A joint report from the IIA and CAQ says auditors vented at roundtable discussions that the PCAOB is looking for granularity, that the guidance has strained the relationship between internal and external auditors, and that management is irked over the “audit fatigue” of having its staff subjected to duplicative audit demands, not to mention the cost consequences. More than 60 percent of internal auditors in the IIA survey said their external audit fees are rising.
“It’s clear there are still some cases where external auditors are being particularly cautious, and perhaps just not relying on the work of internal audit at all, or asking for a lot of additional documentation to re-perform the work of internal audit, essentially,” Chambers says. “All of that creates tension between internal and external audit, and external audit fees going up creates angst with the audit committee and management in general.”
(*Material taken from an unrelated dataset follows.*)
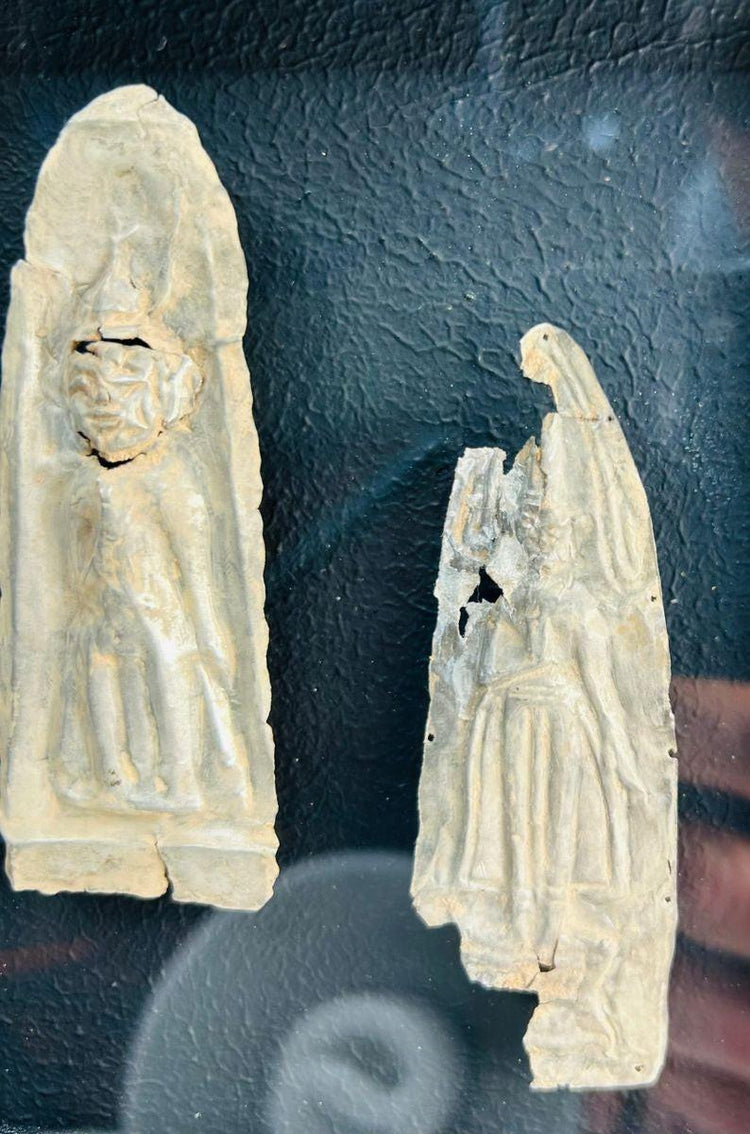 Antique cast metal plaques with Buddha and attendant figures in meditation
The solution that emerged from roundtable discussions, says the CAQ and IIA, is for audit committees to get more involved and for audit planning to be more coordinated and better communicated upfront. The audit committee, internal audit, and external audit should plan together how the work will be allocated, what templates will be used, and how walkthroughs will be performed to reduce duplication of efforts. “The audit committee can help coordinate internal audit’s time and resources and how those are going to be used by external auditors,” Fornelli says.
External auditors would welcome that conversation, says Sara Lord, a partner with McGladrey. “Everything can benefit from more communication,” says Lord, who has seen the tension on both sides through the firm’s external audit services as well as outsourced internal audit services. “Reach out sooner, and plan this together. What are your audit plans? Are you using sample sizes that are sufficient? Do you have enough coverage coordinated with our audit methodology? This can only benefit the risk structure of the company and assure effective use of resources.”
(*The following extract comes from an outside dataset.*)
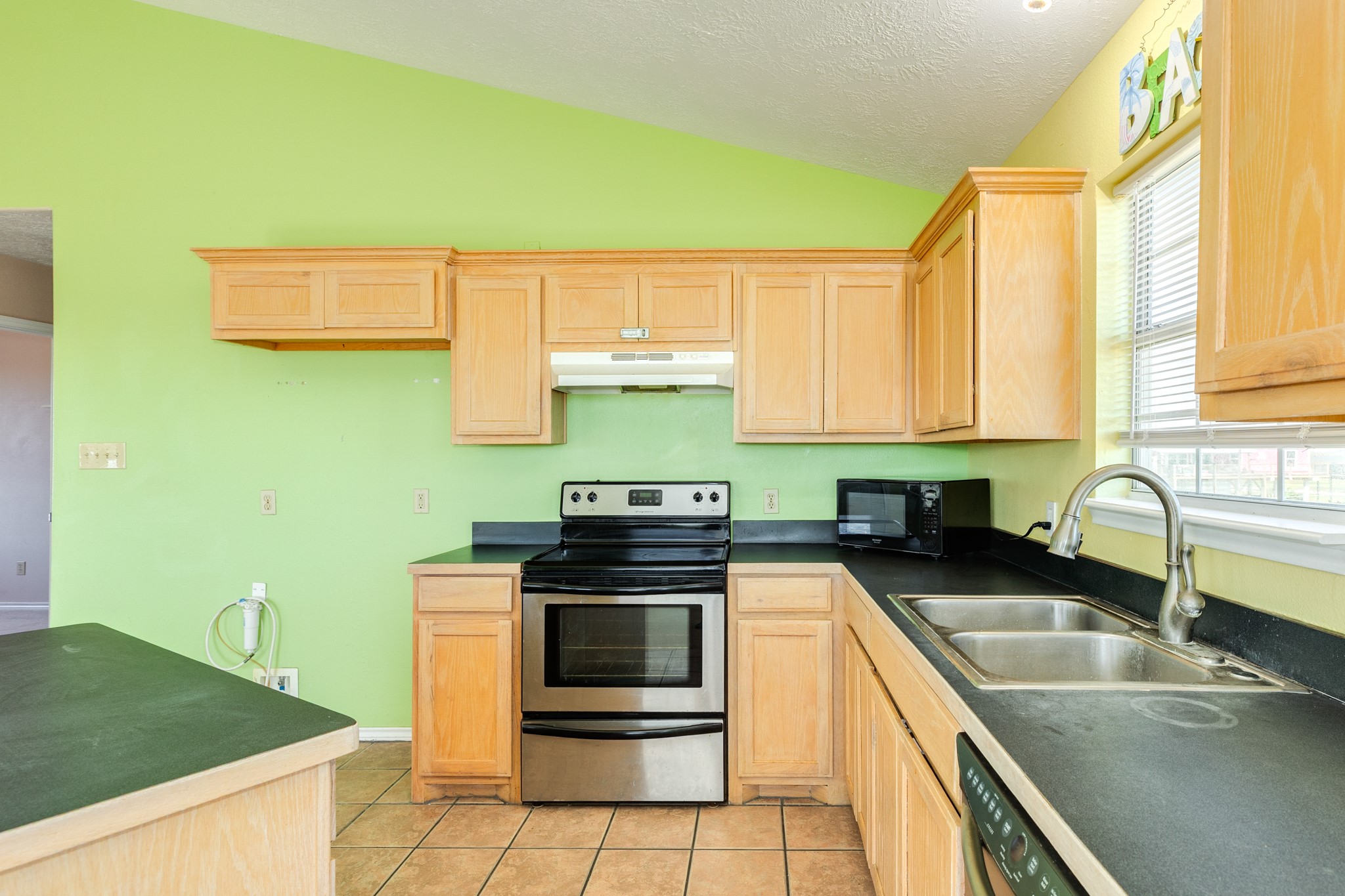 118 Lindrose Freeport, TX 77541 - Photo 16 of 26 a kitchen with a sink a stove and cabinets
Peter Bible, a partner with audit firm EisnerAmper, says the tension represents a “pothole” in the continued evolution of auditing as a regulated profession. He worries the tension could harm the strides internal audit has made in recent years in becoming more elevated in corporate structures.
“I would hate to see this become a step backward for them,” he says. “If firms are less likely to rely on the work of internal audit and do the work themselves, that has a couple of outcomes—all bad. The audit fees go up, and management will start questioning why internal audit needs a large budget.”
Chambers doesn’t believe that’s an immediate concern. “There’s probably a healthy appreciation among management and audit committees that perhaps this has been an overreaction on the part of external auditors to the PCAOB’s guidance,” he says.
Lord says auditors are responding to the totality of standards and guidance, not any one piece of guidance. “As CPA firms, we’re responding to guidance issued by the PCAOB in the form of official standards as well as guidance given through the course of inspection,” she says. “It’s difficult to point to just one of those sources of guidance and say you overreacted to a certain piece without looking at it in total.”